Choć dzień na giełdach rozpoczął się od zwyżek, szybko przewagę uzyskali sprzedający. Główne indeksy znalazły się pod kreską do końca dnia.
Pretekstem do pozbywania się akcji były słabe dane na temat indeksów PMI w przemyśle i usługach dla krajów strefy euro. Po południu nastroje na rynku popsuły też dane z rynku pracy w USA.
Liczba nowo zarejestrowanych bezrobotnych wzrosła do 465 tys. i była o 15 tys. wyższa, niż szacowali analitycy. W efekcie na głównych giełdach Europy indeksy spadły o ponad 1-proc. W USA dzień zaczął się od zniżek. Indeksy straciły także na zamknięciu: DJ 0,72 proc. S&P500 0,83 proc., a Nasdaq 0,32 proc.
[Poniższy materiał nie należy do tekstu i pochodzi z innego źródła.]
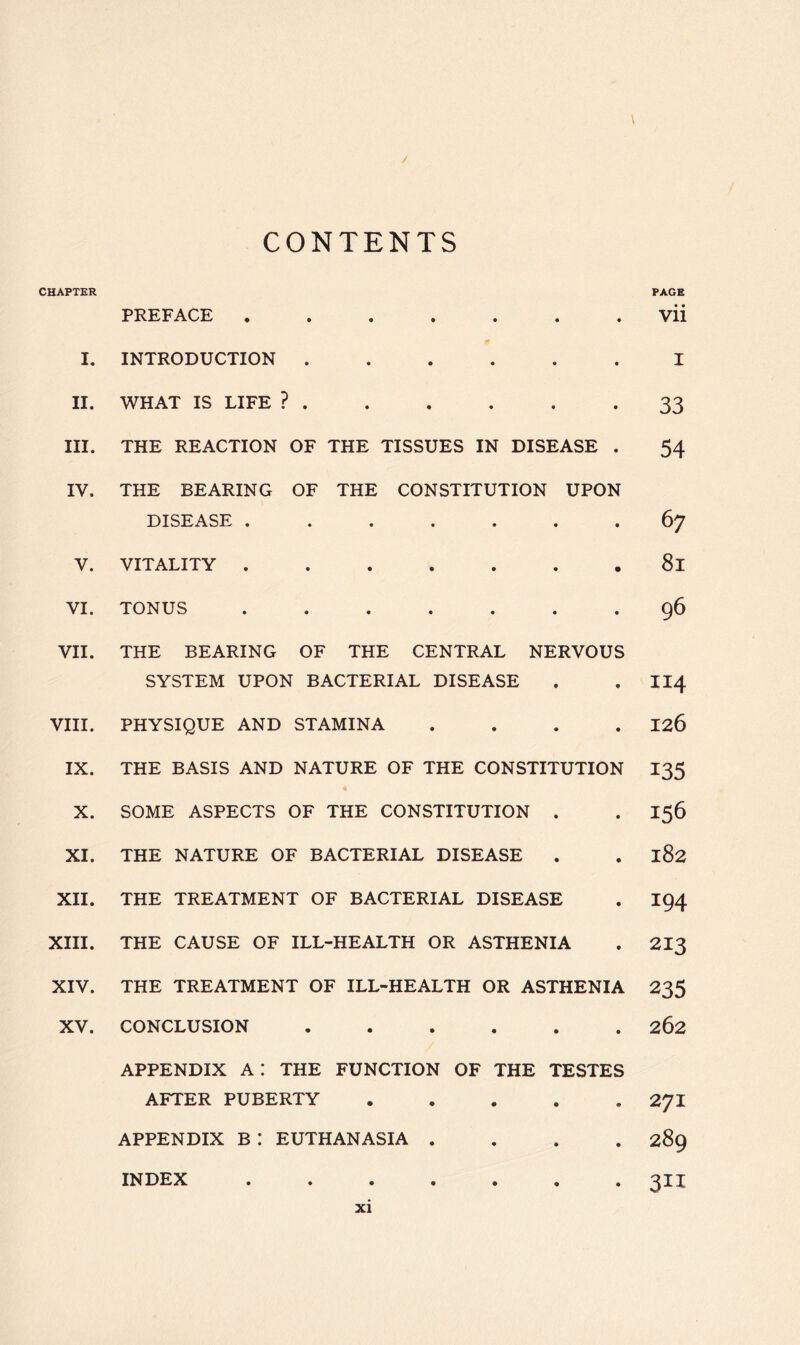 / CONTENTS CHAPTER PREFACE ....... I. INTRODUCTION ...... II. WHAT IS LIFE ? III. THE REACTION OF THE TISSUES IN DISEASE . IV. THE BEARING OF THE CONSTITUTION UPON DISEASE ....... V. VITALITY VI. TONUS ....... VII. THE BEARING OF THE CENTRAL NERVOUS SYSTEM UPON BACTERIAL DISEASE VIII. PHYSIQUE AND STAMINA . . . . IX. THE BASIS AND NATURE OF THE CONSTITUTION X. SOME ASPECTS OF THE CONSTITUTION . XI. THE NATURE OF BACTERIAL DISEASE XII. THE TREATMENT OF BACTERIAL DISEASE XIII. THE CAUSE OF ILL-HEALTH OR ASTHENIA XIV. THE TREATMENT OF ILL-HEALTH OR ASTHENIA XV. CONCLUSION APPENDIX A ! THE FUNCTION OF THE TESTES AFTER PUBERTY APPENDIX B : EUTHANASIA .... PAGE • • Vll I 33 54 6 7 8i 96 114 126 135 156 182 194 213 235 262 INDEX xi 27I 289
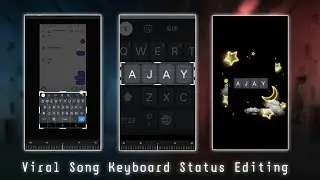 Instagram Viral Keyboard Name Status Editing Capcut | Keyboard Name video editing Capcut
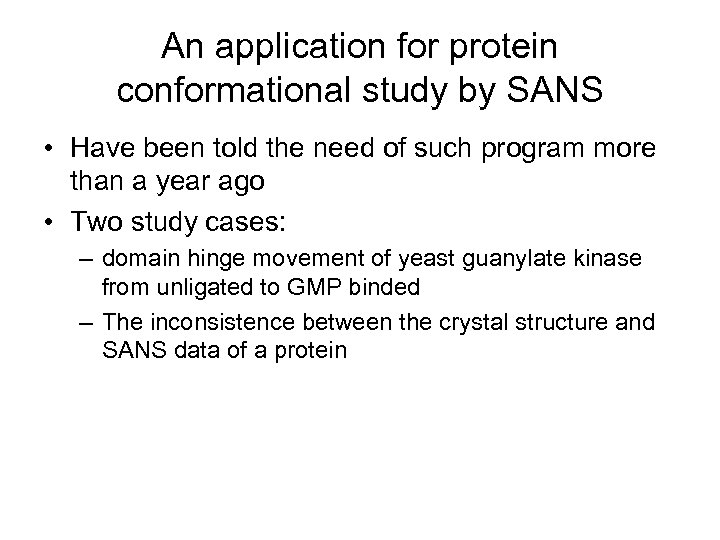 An application for protein conformational study by SANS • Have been told the need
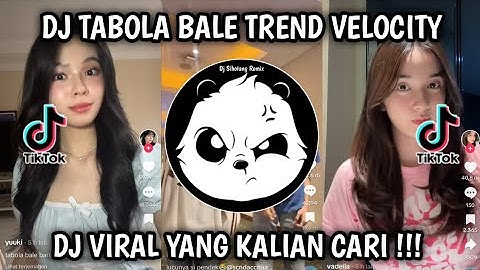 DJ TABOLA BALE TREND VELOCITY VIRAL TIKTOK TERBARU 2025 YANG KALIAN CARI !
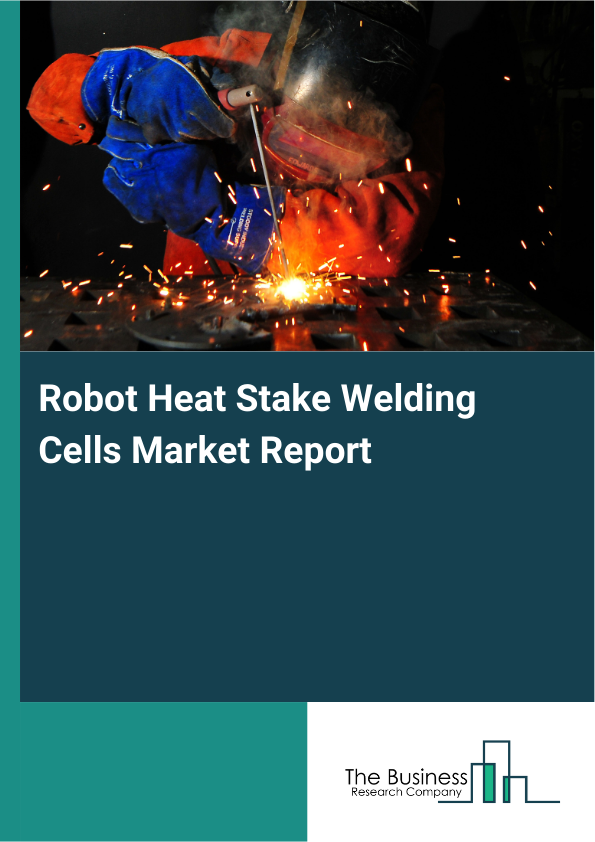 Robot Heat Stake Welding Cells Market Report Infographic Image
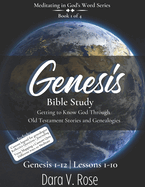 Meditating in God's Word Genesis Bible Study Series Book 1 of 4 Genesis 1-12 Lessons 1-10: Getting to Know God Through Old Testament Stories and Genealogies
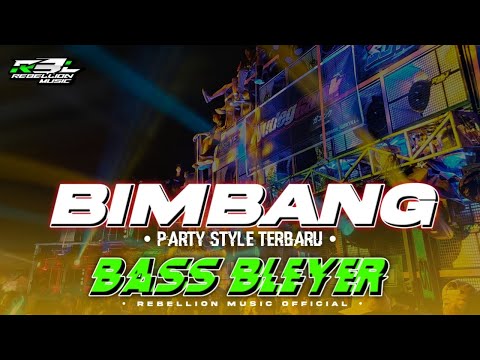 DJ BIMBANG • Style Party Bass Bleyer Cocok Buat Karnaval Viral Terbaru || DJ DANGDUT YG KALIAN CARI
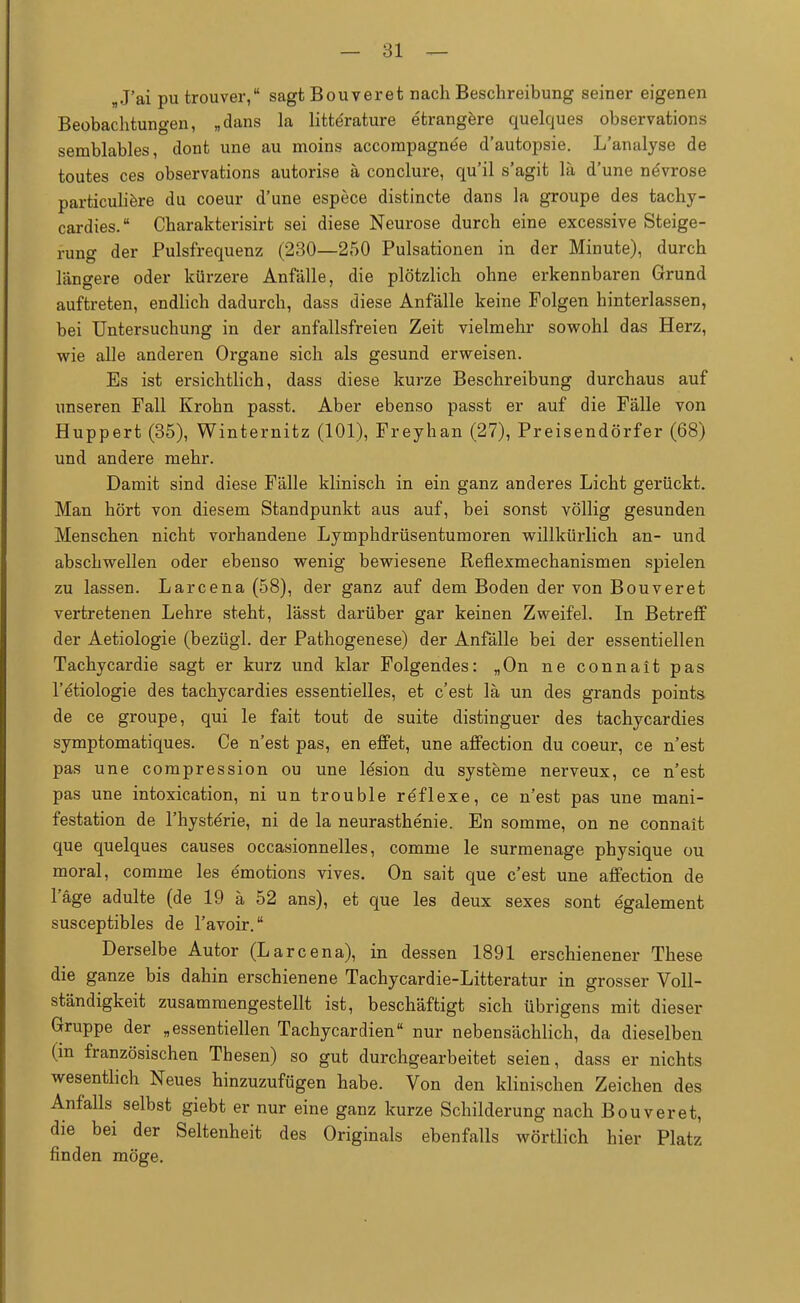 B J'ai pu trouver, sagt Bouveret nach Beschreibung seiner eigenen Beobachtungen, „dans la litte'rature etrangere quelques observations semblables, dont une au moins accompagne'e d'autopsie. L'analyse de toutes ces observations autorise ä conclure, qu'il s'agit lä d'une növrose particuliere du coeur d'une espece distincte dans la groupe des tachy- cardies. Charakterisirt sei diese Neurose durch eine excessive Steige- rung der Pulsfrequenz (230—250 Pulsationen in der Minute), durch längere oder kürzere Anfälle, die plötzlich ohne erkennbaren Grund auftreten, endlich dadurch, dass diese Anfälle keine Folgen hinterlassen, bei Untersuchung in der anfallsfreien Zeit vielmehr sowohl das Herz, wie alle anderen Organe sich als gesund erweisen. Es ist ersichtlich, dass diese kurze Beschreibung durchaus auf unseren Fall Krohn passt. Aber ebenso passt er auf die Fälle von Huppert (35), Winternitz (101), Freyhan (27), Preisendörfer (68) und andere mehr. Damit sind diese Fälle klinisch in ein ganz anderes Licht gerückt. Man hört von diesem Standpunkt aus auf, bei sonst völlig gesunden Menschen nicht vorhandene Lymphdrüsentumoren willkürlich an- und abschwellen oder ebenso wenig bewiesene Reflexmechanismen spielen zu lassen. Larcena (58), der ganz auf dem Boden der von Bouveret vertretenen Lehre steht, lässt darüber gar keinen Zweifel. In Betreff der Aetiologie (bezügl. der Pathogenese) der Anfälle bei der essentiellen Tachycardie sagt er kurz und klar Folgendes: „On ne connait pas l'etiologie des tachycardies essentielles, et c'est lä un des grands points de ce groupe, qui le fait tout de suite distinguer des tachycardies symptomatiques. Ce n'est pas, en effet, une affection du coeur, ce n'est pas une compression ou une le'sion du Systeme nerveux, ce n'est pas une intoxication, ni un trouble reflexe, ce n'est pas une mani- festation de l'hyste'rie, ni de la neurasthenie. En somme, on ne connait que quelques causes occasionnelles, comme le surmenage physique ou moral, comme les dmotions vives. On sait que c'est une affection de l'äge adulte (de 19 ä 52 ans), et que les deux sexes sont egalement susceptibles de l'avoir. Derselbe Autor (Larcena), in dessen 1891 erschienener These die ganze bis dahin erschienene Tachycardie-Litteratur in grosser Voll- ständigkeit zusammengestellt ist, beschäftigt sich übrigens mit dieser Gruppe der „essentiellen Tachycardien nur nebensächlich, da dieselben (in französischen Thesen) so gut durchgearbeitet seien, dass er nichts wesentlich Neues hinzuzufügen habe. Von den klinischen Zeichen des Anfalls selbst giebt er nur eine ganz kurze Schilderung nach Bouveret, die bei der Seltenheit des Originals ebenfalls wörtlich hier Platz finden möge.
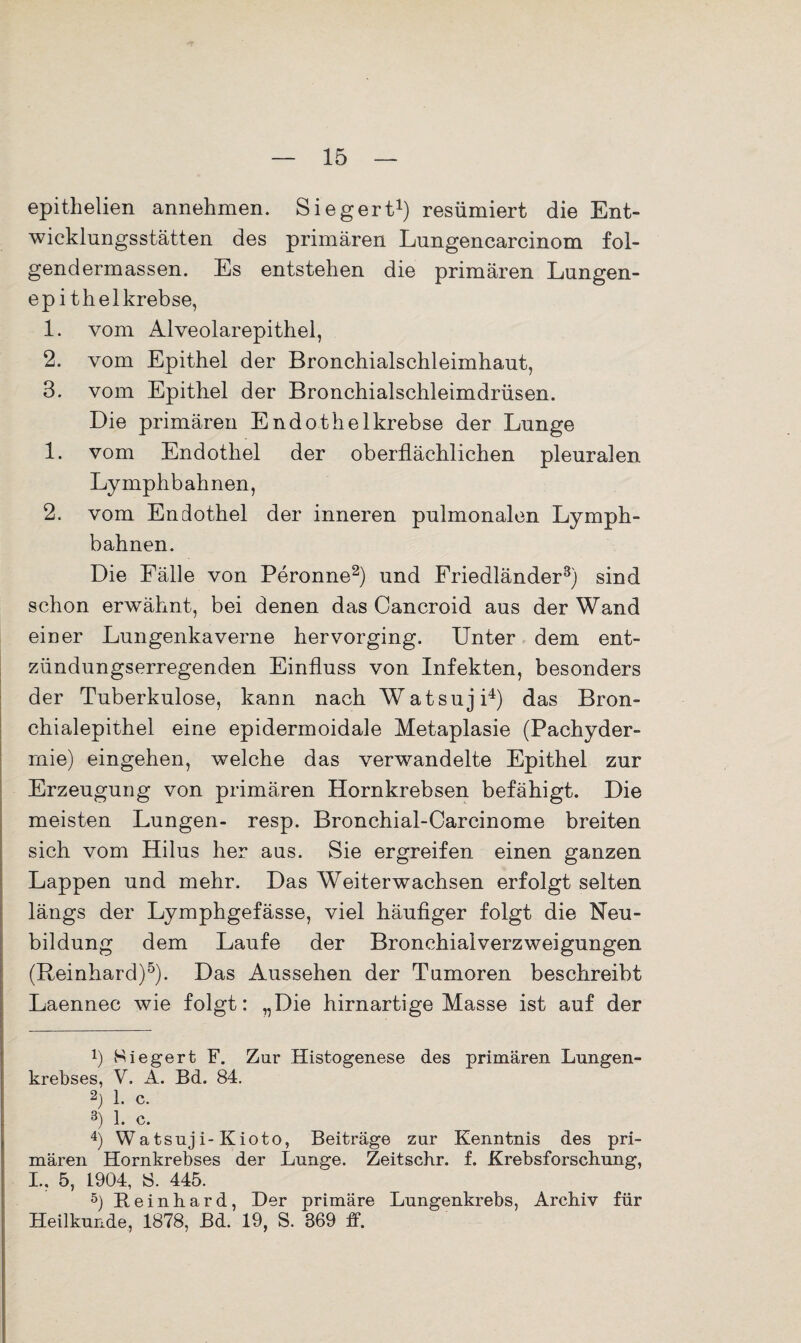 epithelien annehmen. Siegert1) resümiert die Ent¬ wicklungsstätten des primären Lungencarcinom fol- gendermassen. Es entstehen die primären Lungen¬ epithelkrebse, 1. vom Alveolarepithel, 2. vom Epithel der Bronchialschleimhaut, 3. vom Epithel der Bronchialschleimdrüsen. Die primären Endothelkrebse der Lunge 1. vom Endothel der oberflächlichen pleuralen Lymphbahnen, 2. vom Endothel der inneren pulmonalen Lymph¬ bahnen. Die Fälle von Peronne2) und Friedländer3) sind schon erwähnt, bei denen das Cancroid aus der Wand einer Lungenkaverne hervorging. Unter dem ent¬ zündungserregenden Einfluss von Infekten, besonders der Tuberkulose, kann nach Watsuji4) das Bron¬ chialepithel eine epidermoidale Metaplasie (Pachyder- mie) eingehen, welche das verwandelte Epithel zur Erzeugung von primären Hornkrebsen befähigt. Die meisten Lungen- resp. Bronchial-Carcinome breiten sich vom Hilus her aus. Sie ergreifen einen ganzen Lappen und mehr. Das Weiterwachsen erfolgt selten längs der Lymphgefässe, viel häufiger folgt die Neu¬ bildung dem Laufe der Bronchialverzweigungen (Reinhard)5). Das Aussehen der Tumoren beschreibt Laennec wie folgt: „Die hirnartige Masse ist auf der x) Siegert F. Zur Histogenese des primären Lungen¬ krebses, V. A. Bd. 84. 2) 1. c. 3) 1. c. 4) Watsuji-Kioto, Beiträge zur Kenntnis des pri¬ mären Hornkrebses der Lunge. Zeitschr. f. Krebsforschung, I.. 5, 1904, S. 445. 5) Beinhard, Der primäre Lungenkrebs, Archiv für Heilkunde, 1878, Bd. 19, S. 369 ff.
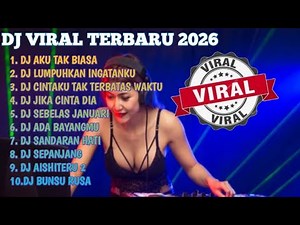 🎶TOP 10 DJ VIRAL ENAK DI DENGAR DJ REMIX FULL BASS AKU TAK BIASA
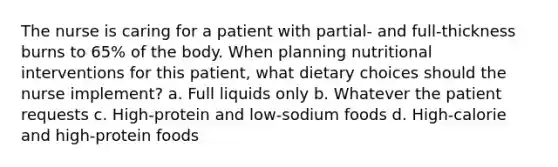 The nurse is caring for a patient with partial- and full-thickness burns to 65% of the body. When planning nutritional interventions for this patient, what dietary choices should the nurse implement? a. Full liquids only b. Whatever the patient requests c. High-protein and low-sodium foods d. High-calorie and high-protein foods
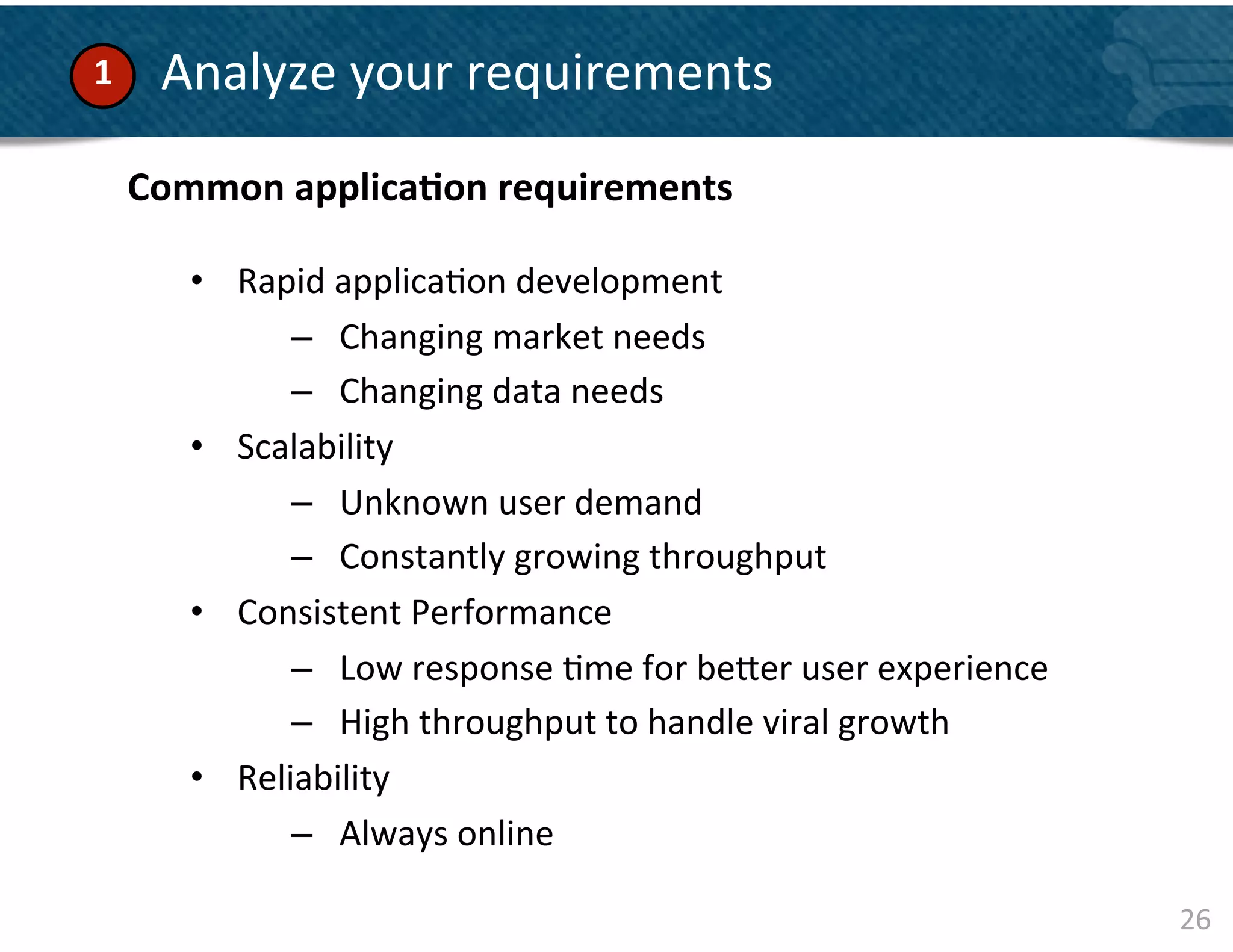 1	
      	
  Analyze	
  your	
  requirements	
  	
  
        Common	
  applica&on	
  requirements	
  
            	
  
            •  Rapid	
  applica&on	
  development	
  
                   –  Changing	
  market	
  needs	
  
                   –  Changing	
  data	
  needs	
  	
  
            •  Scalability	
  	
  
                   –  Unknown	
  user	
  demand	
  	
  
                   –  Constantly	
  growing	
  throughput	
  
            •  Consistent	
  Performance	
  	
  
                   –  Low	
  response	
  &me	
  for	
  be]er	
  user	
  experience	
  
                   –  High	
  throughput	
  to	
  handle	
  viral	
  growth	
  	
  
            •  Reliability	
  
                   –  Always	
  online	
  	
  

                                                                                         26	
  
Nie inaczej było w Warszawie. Choć po środowej sesji mogło się wydawać, że kupujący spróbują zaatakować tegoroczny szczyt, do którego brakowało około 1 proc., nic takiego się nie wydarzyło. WIG20 stracił na koniec dnia 0,77 proc. Spadki powstrzymane zostały jednak na poziomie pokonanych niedawno maksimów z kwietnia, więc popyt może jeszcze zaatakować.
Pogorszenie nastrojów widać też na rynku walutowym. Wczoraj złoty stracił do euro prawie 1 proc. i po południu za wspólną walutę trzeba było już płacić 3,97 zł.